Color has alot less to do with the type of cut than type of hair your dog has. Being a mix, hair texture and type can vary alot. That can affect the type/length of cut your dog would look best in. Like Sophie suggested, look thru the pictures in the before/after thread, and if nothing there is similar to what you are looking for, look around online. Your groomer should be able to help you with what hairstyles will look best on your particular pup. Do you have a photos of her? We could help give you ideas if that is what you are looking for. I have seen cockapoos that look great with schnauzer faces, some looks best with round teddy faces, etc..With the right hair type, you could do lots of different cuts. Porti trims usually look nice, bichon trims, and if you are really bold, you could try kerry blue trims, bedlinton trim, etc.  No one ever wants to do anything like that around here.


----------



## XyKo

This is Hershey. Also on Christmas, a few days after I adopted him, his hair was so long that I used a scissor and trimmed him. So one side is like somewhat 1-1.5" while the other is 2-2.5". So if I take him to a groomer, would they be able to figure something out to make him more even? The only thing that I am worry about is that he go outside to potty. I noticed that he gets cold and shivers even with the current coat. Which makes me wondering if I should wait a few weeks to a month before going to the groomer, so his hair can be somewhat longer and have a longer type cut.


----------



## Graco22

Aw, he is adorable. He has a nice wavy coat, so most lengths will look good on him. I think a round, teddy face will look cute too. The top of his head is a bit short to get a nice round face right now, but it will grow back. A groomer can certainly even him up. If you are concerned about him being cold, you can wait, just make sure you are keeping him well brushed and combed out, as if he gets matts, he will have to be cut short. When its cold out, a half and inch more of hair really isn't going to make much of a difference. If its cold, its cold, and just let him out to potty, and back in. You could do many different trims on him. Find a pic of something you like, and give it a try. You can try different cuts to see what you like best too.


----------



## Love's_Sophie

To be honest, I wouldn't wait too long, especially because he is a puppy, who is probably going though coat changes, which may make brushing\combing out even more essential, and even then, he may seem to matt up almost immediately after being brushed out. Get rid of some of the 'older puppy coat' and matting won't occur quite so quickly. 

Your groomer should be able to do a 1 1\2 on him, and that will leave a decent length AND blend in the shorter areas that you have left. 

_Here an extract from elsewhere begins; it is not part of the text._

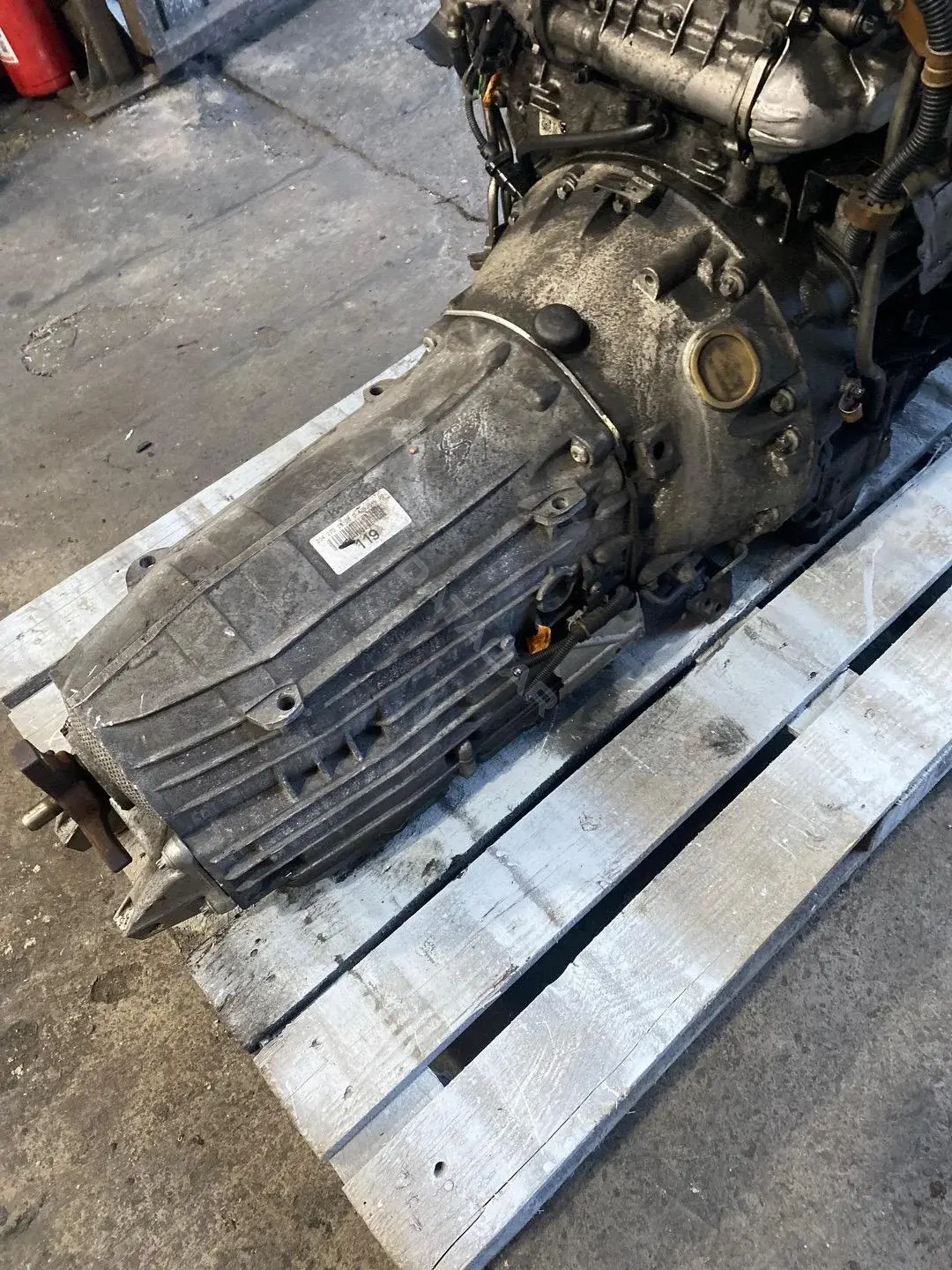 Автоматическая коробка передач (АКПП) A2042703505
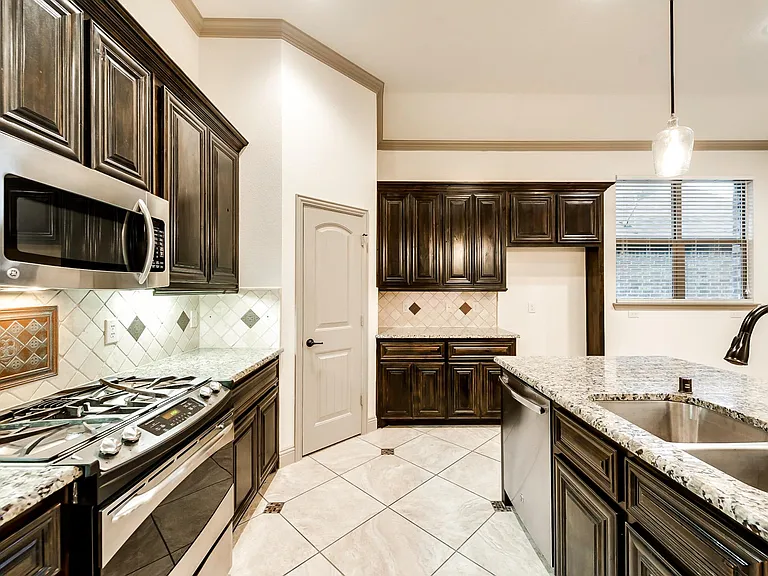 1025 Dunhill Ln — Photo 11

If you're concerned about him being chilly, there are several types of doggie coats available; and if he's like most of our small dogs, he won't really venture outside for too long a time in the winter, anyway, so length really doesn't matter.  That and his coat isn't truly designed for 'warmth' in the winter; he doesn't have the shorter dense undercoat like a husky does, who IS created for cold weather. Just a thought. 

As far as bathing at home, I bathe my Poodle puppy at home all the time, if I'm not working at one of the shops; I towel dry him, and thoroughly dry him on low with my dryer, mist him with a conditioner\dematter\antistat spray, then brush and comb through him. Just use good quality products, and you should be fine.


----------



## XyKo

Just picked Hershey up from the groomer. I am a little disappointed on his new looks. Looks more skinny/poodle type. I told them to not cut it too short. Now he looks like a cat. Well hopefully he feel much better about himself. They did a good cleaning on his stomach though and he was able to socialize/play with other small dogs while waiting at the inhouse daycare.

What do you think?








[/IMG]








[/IMG]


----------



## GroovyGroomer777

You would have to be blind to think he looks like a cat. He's got a real sweet face and I like the groom.


----------



## XyKo

Maybe I'm just too used to seeing him with more hair which made him bigger. I'll get use to this in a day.


----------



## GroovyGroomer777

That's the spirit!
I know I always feel GREAT when I get a short cut in the summer (my husband won't let me go any shorter than my ears, though. If I was a dog, I'd love to take it allllll off!)


----------



## Graco22

This is the second time this week I have the term "looks like a cat." I had a new client that was unhappy with her previous groomers cut, said the dog looked like a cat...I didn't ask further, but was left wondering...what does she mean? Can you explain what makes you think cat? I dont' see it myself, but I would like to know what exactly you mean, so I can know for future "cat" references from owners. 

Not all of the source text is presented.